I like all the answers except for #7. I have a couple of router with that type chuck/collet and that is one thing I made sure I didn't get again. I don't want to sound negative and I sure don't want to rain on your new purchase but that is a deal breaker for me.

Please keep us posted as to what you find out about the guide bushing and other details or issues you find, I'm sure a lot of us are interested.

Ed


----------



## krams (Feb 26, 2006)

I have had this for only a week now. I wanted to get some real opnions on what I have got ...being my first router, I have to learn wht to look for and learn. which is why I am here. 

thanks
Krams


----------



## presumed_druid (Jan 24, 2005)

reible said:


> If you want to find a centering bushing for the larger hole set up then you might want to check out oak-park. I got one of them for my larger guide bushings and for when I build my own mounting plates. If you are on the mailing list from router workshop they let you know when the sales are... always make it a better deal.
> 
> Ed


Actually, Ed, the Lee valley base plate comes with a centering system. Thanks though!


----------



## reible (Sep 10, 2004)

krams said:


> I have had this for only a week now. I wanted to get some real opnions on what I have got ...being my first router, I have to learn wht to look for and learn. which is why I am here.
> 
> thanks
> Krams


 I just have this thing about those type chucks/collets, I'm sure a lot of people don't mind that design and with the great feature set most people will enjoy theirs.

I should also note that if you get hooked on routers this will not be the last router you buy... A great many people have 2, 3, 4, 5 and even 50 routers and when you go to get a second, third one you will have a better idea of what things you liked and what you didn't like about the ones before.

I should also point out by the time you have a major investment in bits the router is going to sound cheap at $180 or so. If you start buying mid priced bits at let's say an average of $20 a pop it adds up fast.

Ed


----------



## reible (Sep 10, 2004)

presumed_druid said:


> Actually, Ed, the Lee valley base plate comes with a centering system. Thanks though!


 Gee I should have know that leevalley would take care of that... I like that design and I might own one some day (I have to start parting with some router tables and get to a reasonable level... I have 8 right now).

Ed


----------



## krams (Feb 26, 2006)

reible said:


> Thanks for the information.
> 
> I like all the answers except for #7. I have a couple of router with that type chuck/collet and that is one thing I made sure I didn't get again. I don't want to sound negative and I sure don't want to rain on your new purchase but that is a deal breaker for me.
> 
> ...


The collet moves 7 full turns of the fine screw ( 7 * 1/64 ) form the bottom to the top just below the point where the shaft locks up.


----------



## Aaron Bredon (Mar 8, 2006)

reible said:


> Thanks for the information.
> I like all the answers except for #7. I have a couple of router with that type chuck/collet and that is one thing I made sure I didn't get again. I don't want to sound negative and I sure don't want to rain on your new purchase but that is a deal breaker for me.
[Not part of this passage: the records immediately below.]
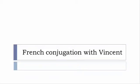Bonjour à tous and welcome to French Conjugation with Vincent. I've decided to make this new series of videos in which I will present you the conjugation of one verb at a specific tense.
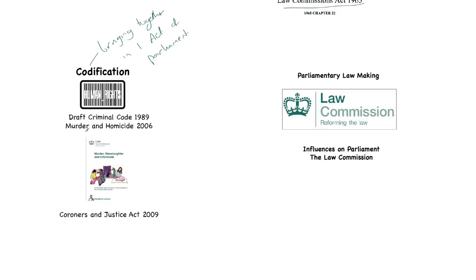The example I'll use is criminal law and murder and homicide. In 1989, the Law Commission decided it wanted to look at the entire criminal code and perhaps codify the entire criminal law into one Act of Parliament. But that was far too large, so it narrowed its focus. And in 2006, the Law Commission started to look at murder and homicide in particular.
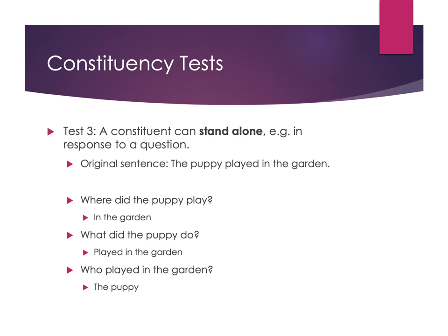If you have questions, email me. You can schedule an office hours appointment, bring questions to class, and we can address them in our practice sessions together.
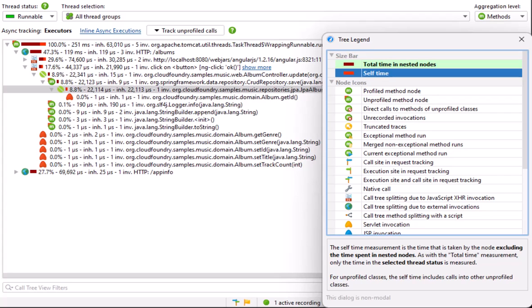A suitable call tree filter configuration in JProfiler is very important to be able to interpret the data. If the Spring framework classes were profiled, the call tree would be huge and it would be difficult to find your own classes. Basically, JProfiler aggregates timing data along boundaries of profiled classes. Because data aggregation is so important for being able to analyze applications running in frameworks, there are even more ways to aggregate call tree data that are especially important for large applications.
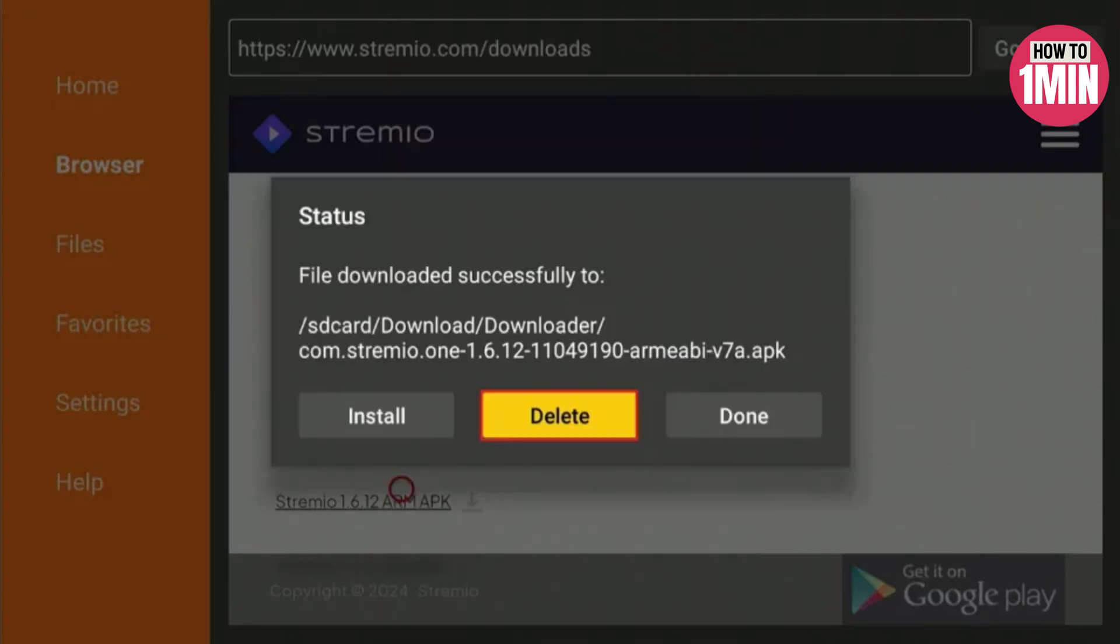We will delete the APK file because it is no longer needed and deleting it saves space in your limited Fire Stick storage. Now click delete again.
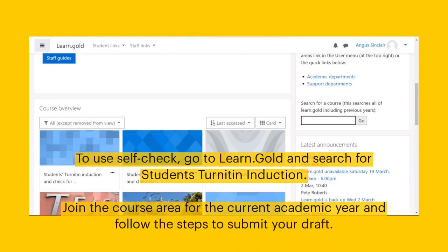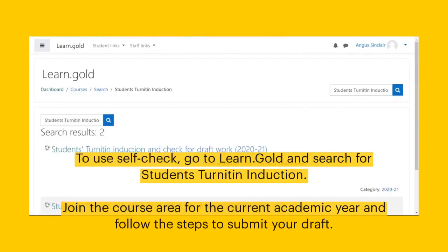To use Self Check, go to Learn Gold and search for Students' Turnitin Induction. Join the course area for the current academic year and follow the steps to submit your draft.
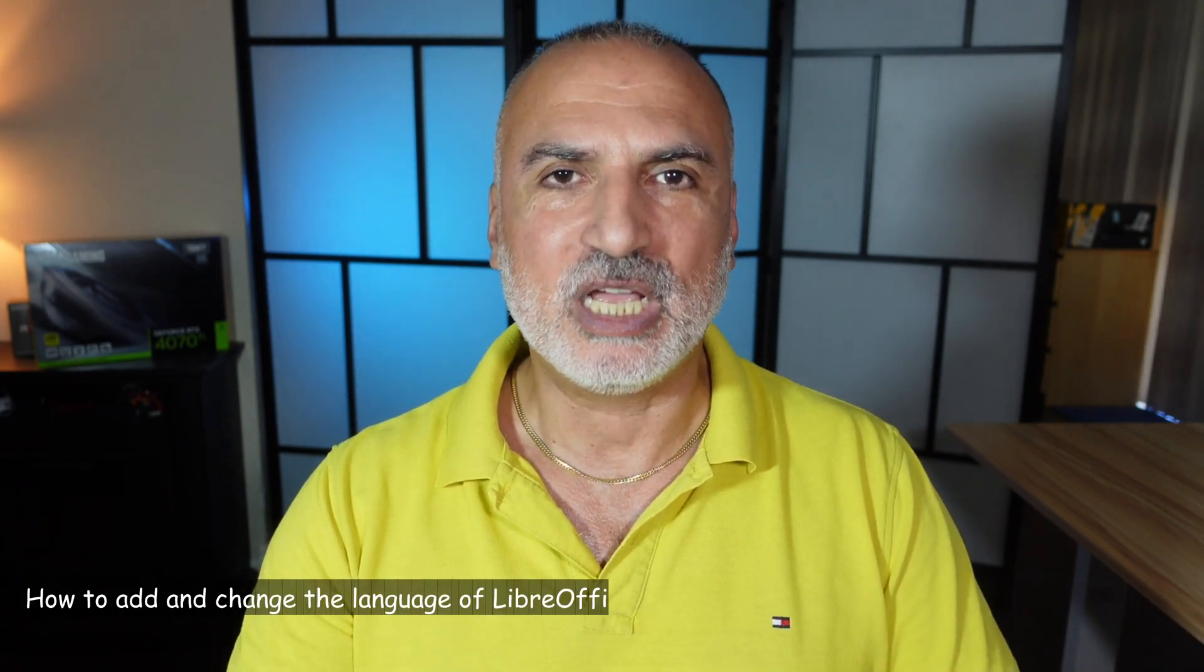Hi everyone. In this video, I want to show you how to add and change the interface language of your LibreOffice installation on your macOS computer.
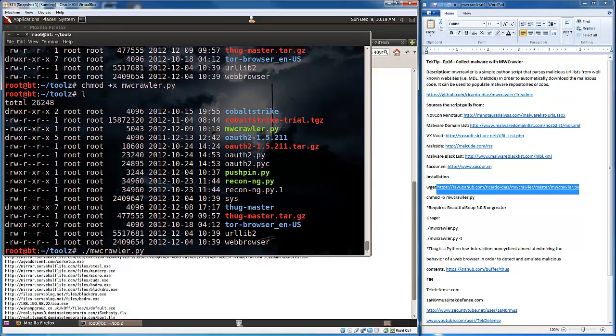But let's get into the uses of the tool. There's really not a whole lot of options. You either run mwcrawler.python flat out like this, or you run it with attack t. The attack t is for thug.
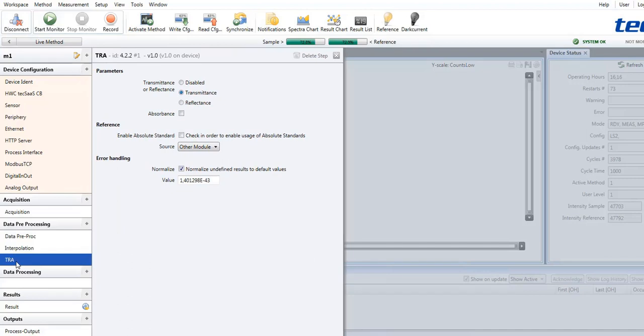With TRA it is possible to define if the processing is primarily a transmission, a reflection, or an absorbance calculation. The calculated results are then available immediately.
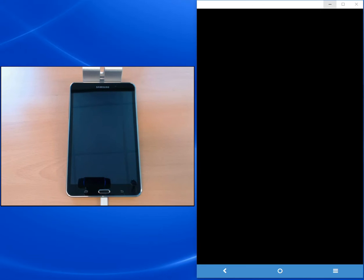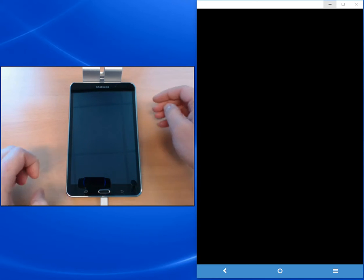I'm using for this tutorial the Galaxy Tab 4 with a 7 inch display.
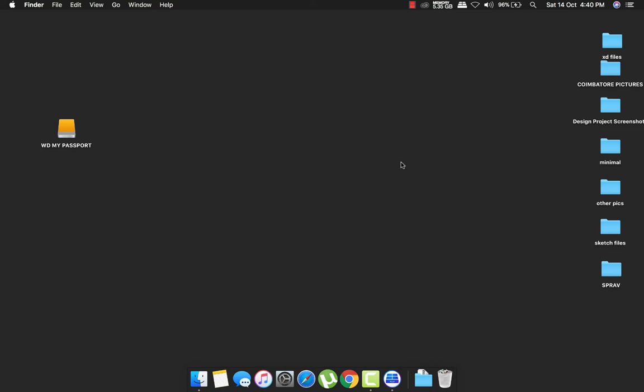Hi guys, today I'll be showing you a small technique that allows you to copy files from your Mac to the hard disk and from the hard disk to your Mac without formatting it.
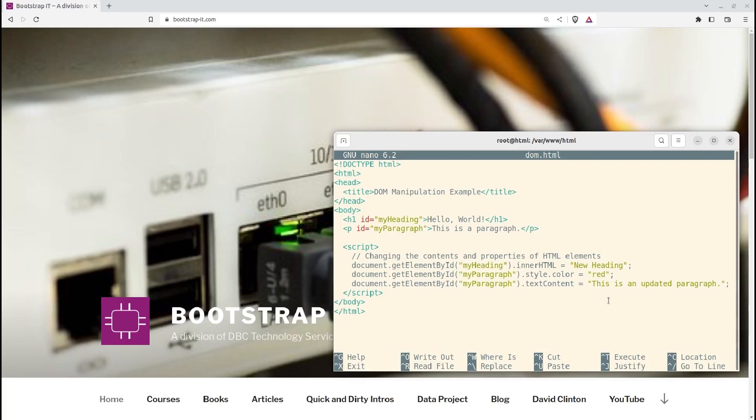We have an HTML document that contains a heading H1 element with an ID of myHeading, and a paragraph P element with an ID of myParagraph. The JavaScript code within the script tags manipulates these elements through the DOM. The code uses the getElementById method to select elements by their ID attribute. It then modifies the element's contents and properties using the following DOM manipulation techniques.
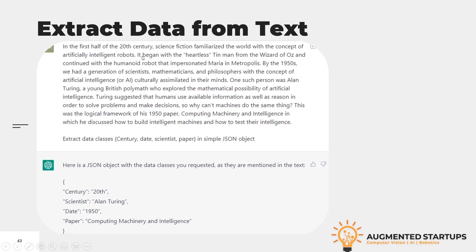By the 1950s, we had a generation of scientists, mathematicians, and philosophers with the concept of AI — that is, artificial intelligence — culturally assimilated in their minds.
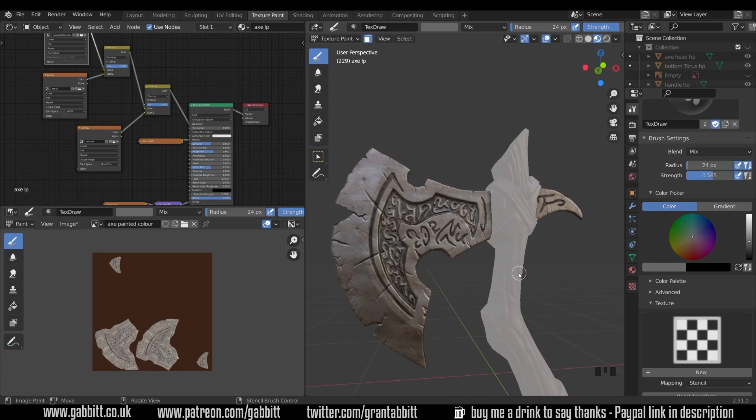Okay so that's how you texture paint using images. Hopefully you're still enjoying it, let me know if you have any questions in the comments below. Thanks for all your support, thanks for watching and I'll see you next time.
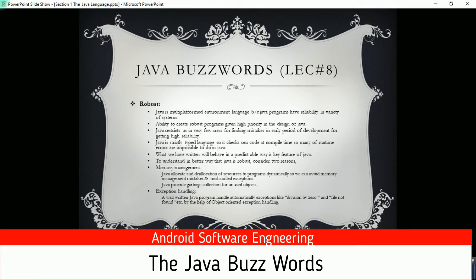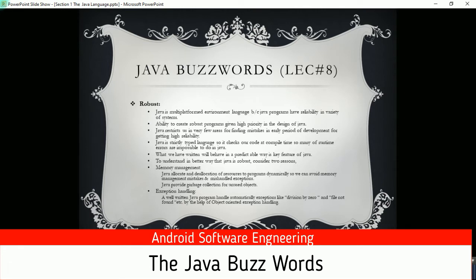Java is also case-sensitive and a strictly typed language, so it checks our code at compile time rather than runtime. There may be logical errors in our code, but runtime errors that occur in many other languages like C and C++ are largely eliminated. Some errors like division by zero are handled by exception handling, which we will discuss in future lectures. What we write will behave in a predictable way — Java uses English-like syntax, so we can predict how our Java program will behave.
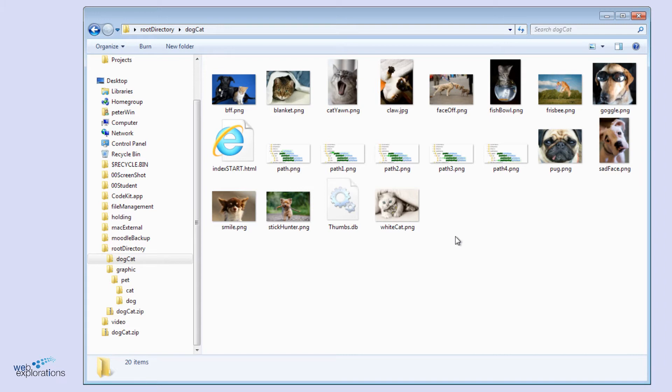Right now, we just want to find different ways to select these images so we can move them around, copy them, move them, and handle them.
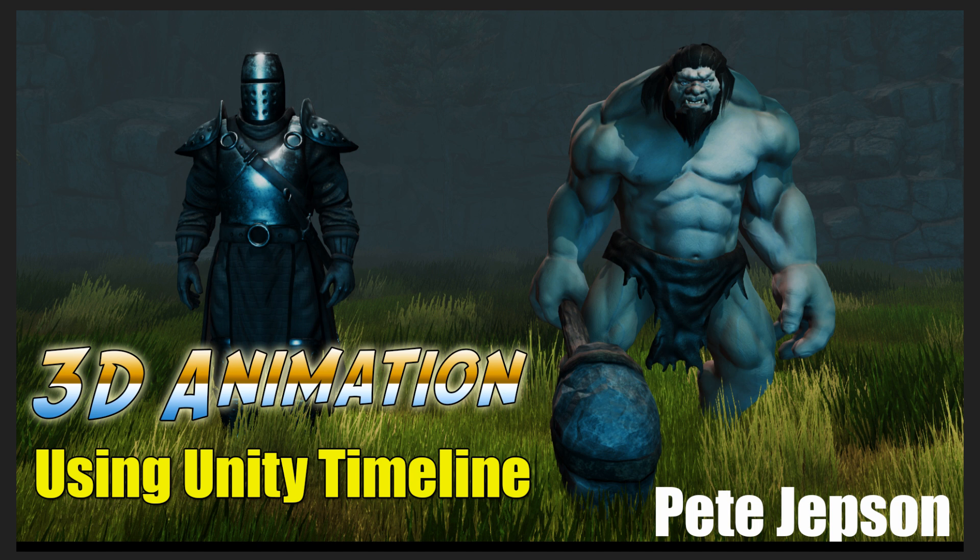Welcome to 3D animation using Unity Timeline. My name is Pete Jepson. I'm a college tutor specializing in teaching creative media that covers filmmaking, animation, and game design.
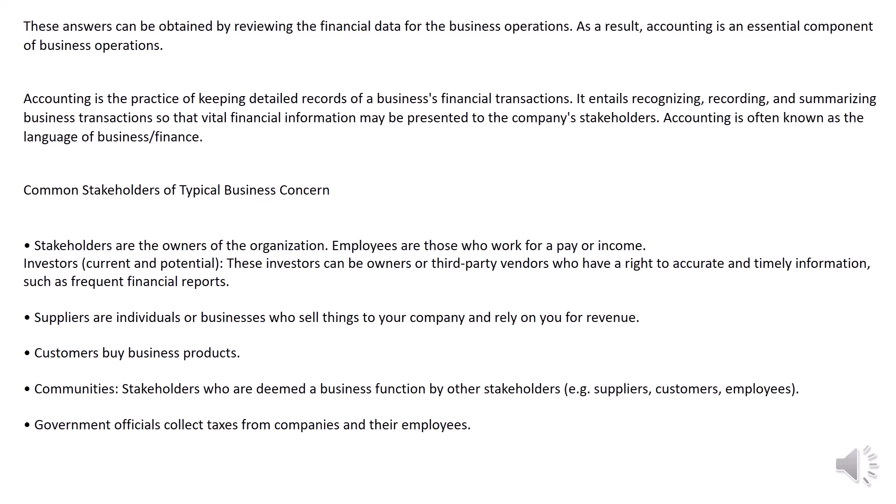Common stakeholders of a typical business concern. Stakeholders are the owners of the organization. Employees are those who work for a pay or income. Investors — current and potential — can be owners or third-party vendors who have a right to accurate and timely information, such as frequent financial reports.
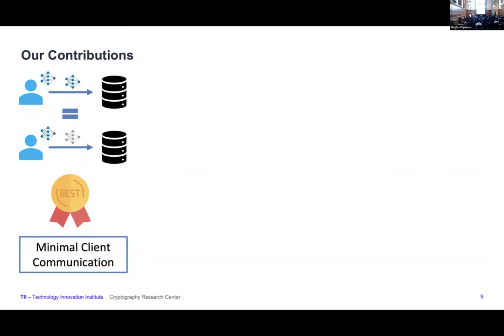To summarize the contributions of our work, there are mainly four. The first is ensuring minimal client communication. In the privacy-free quantized setting, clients communicate some amount of information to the server. We want to ensure privacy while keeping the client communication as close as possible to that privacy-free setting — and we achieve almost optimal communication. We show the client communicates the same amount of information as in the privacy-free setting while still ensuring privacy.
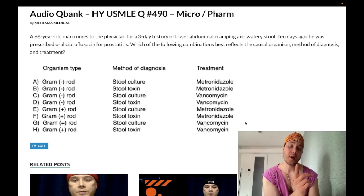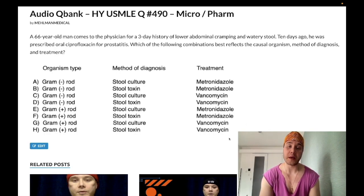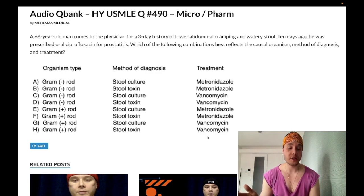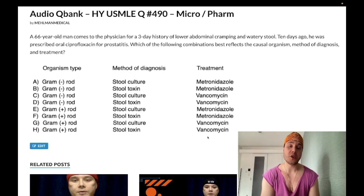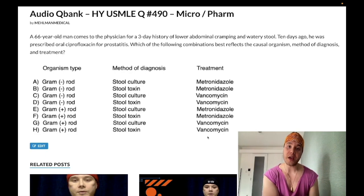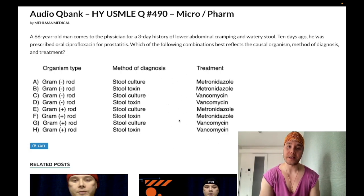One important point: we give oral vancomycin, not IV, for this treatment. Vancomycin has really poor oral bioavailability, meaning it's not absorbed through the GI tract well. So when we give it classically for conditions like endocarditis — empiric gentamicin plus vancomycin — or meningitis — ceftriaxone and vancomycin — we give it IV. But for C. difficile, we give it orally because we want it to stay confined to the GI tract.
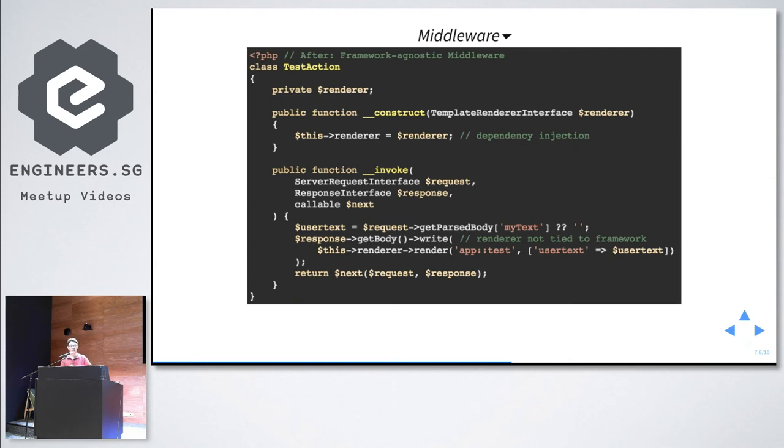Symfony has Symfony Bundles, Zend Framework has Zend Framework Modules, Laravel has packages — people were solving the same problems over and over with framework-specific solutions. That was a problem. The onslaught of PSR7 giving way to middleware allows us to break away from framework silos — we are all PHP developers.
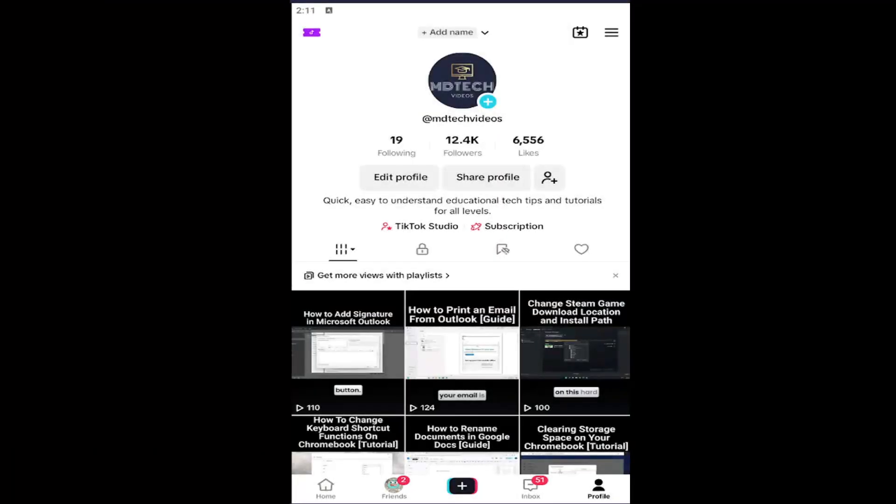Hello everyone, how are you doing? This is MD Tech here with another quick tutorial. In today's tutorial, I'm going to show you guys how to delete or clear the cache on the TikTok app. This will apply for iOS and Android devices.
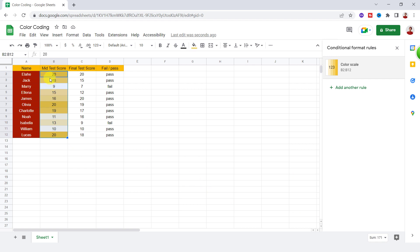As you can see, the highest score is dark yellow and the lowest score is white.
I just got the FT 1700 and the collet is self-releasing (unscrew the collet nut all the way, and the nut and collet come off as a unit).

I also prefer the Freud above-the-table adjustment system to the Porter-Cable. The Porter-Cable adjustment nuts were around 3 inches below the table top, and the lock/unlock hex rod was set inside the cast lock lever hinge, and had to move the whole lever. When I tested the adjustment system before mounting the router in the table, the hinge broke (probably just a flaw in the casting, but we exchanged it for the Freud anyway). The Freud system is just below table level, is sealed and uses a large hex key (included) to turn the components (also the above-table lock/unlock is separate from the below-table unlock lever).

One possible disadvantage of the Freud is that it doesn't seem to be a 'system' router - the base doesn't look interchangeable. This router seems to be designed primarily for table use.


----------



## reible (Sep 10, 2004)

"I just got the FT 1700 and the collet is self-releasing (unscrew the collet nut all the way, and the nut and collet come off as a unit).
"

Hi,

The term one piece nut and collet come to mind as the term for what you have. The term self-releasing is when you turn the nut on the chuck/collet and when it is loose the bit comes out.... as described before if you have to keep turning until you pass a second "tight" spot to get the bit to come out then it is not self-releasing. I think when used in porter cable terms they call it auto-releasing.... anyway that is the feature I wish the Freud would have added to this router.

Ed


----------